**TASK OBJECTIVE**
The required output is the exact run of lines from the one that contains "Weather Resistant Full" to the end of the data, with every picture left out.

**PROVIDED DATA**
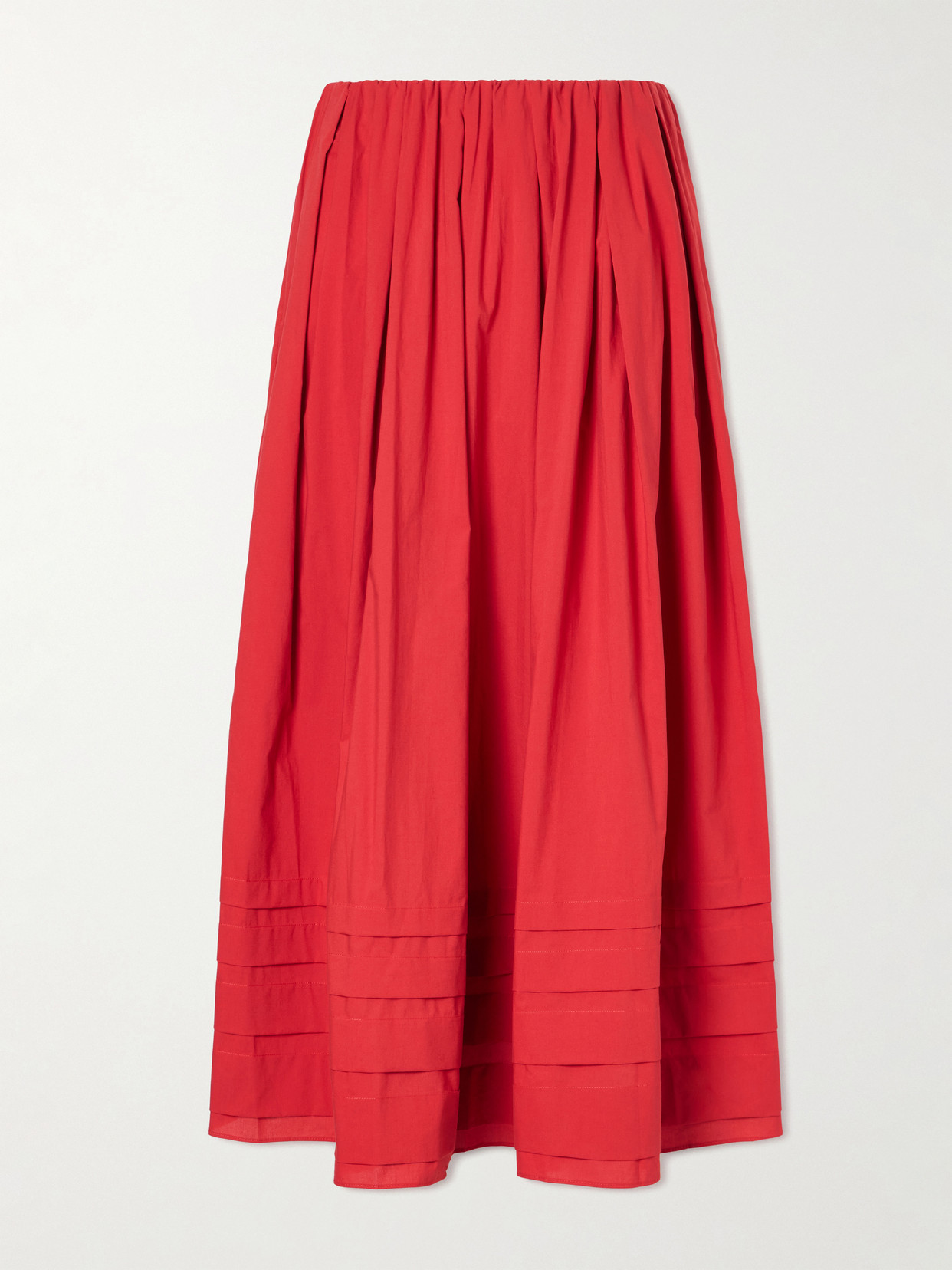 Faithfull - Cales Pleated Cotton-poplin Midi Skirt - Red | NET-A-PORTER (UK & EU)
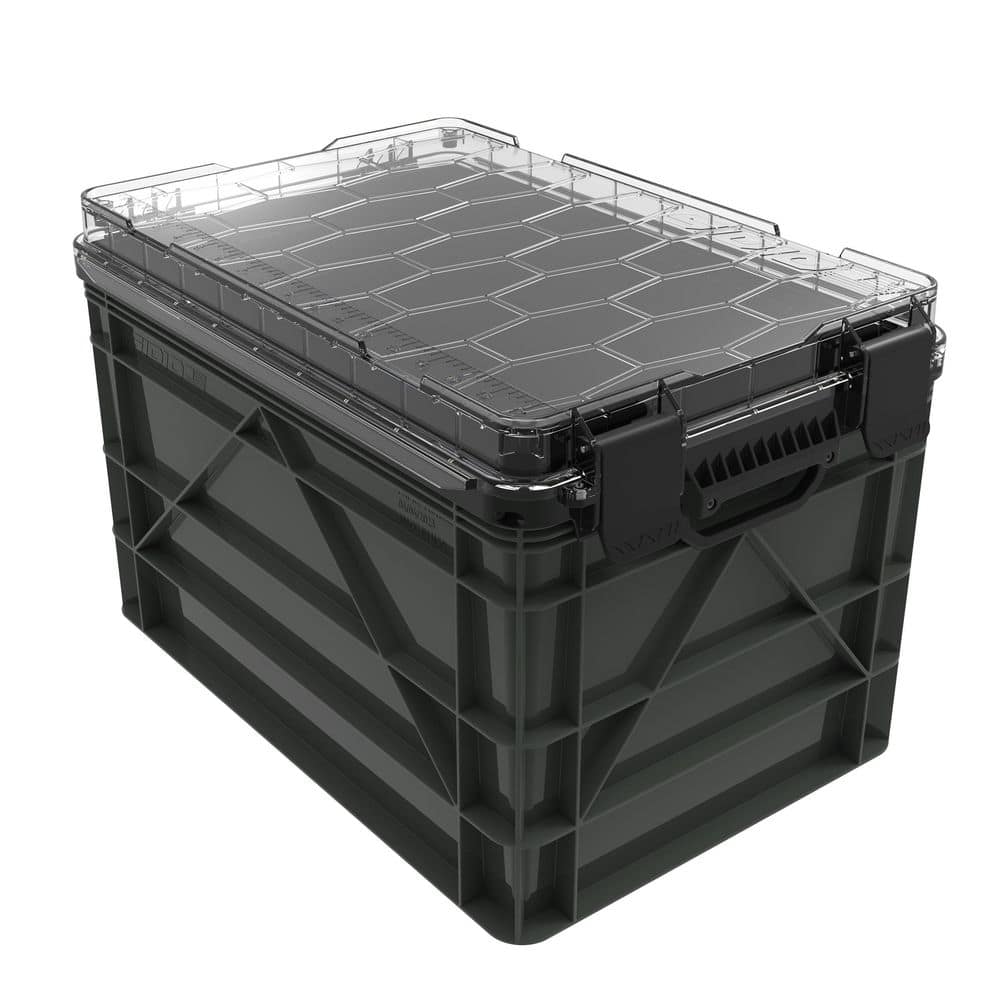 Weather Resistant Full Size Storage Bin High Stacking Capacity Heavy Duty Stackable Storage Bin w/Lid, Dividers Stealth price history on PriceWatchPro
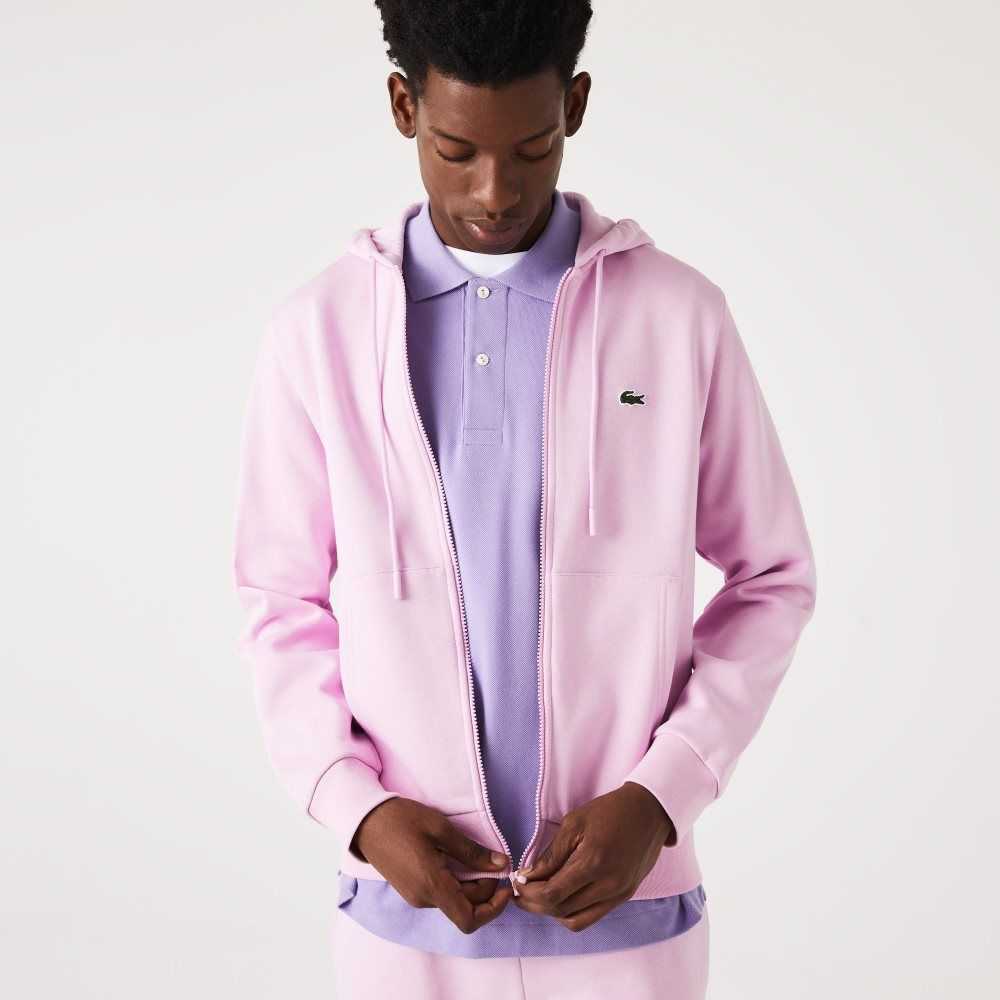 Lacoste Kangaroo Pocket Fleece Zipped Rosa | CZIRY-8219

**TASK RESPONSE**
 Weather Resistant Full Size Storage Bin High Stacking Capacity Heavy Duty Stackable Storage Bin w/Lid, Dividers Stealth price history on PriceWatchPro
 Lacoste Kangaroo Pocket Fleece Zipped Rosa | CZIRY-8219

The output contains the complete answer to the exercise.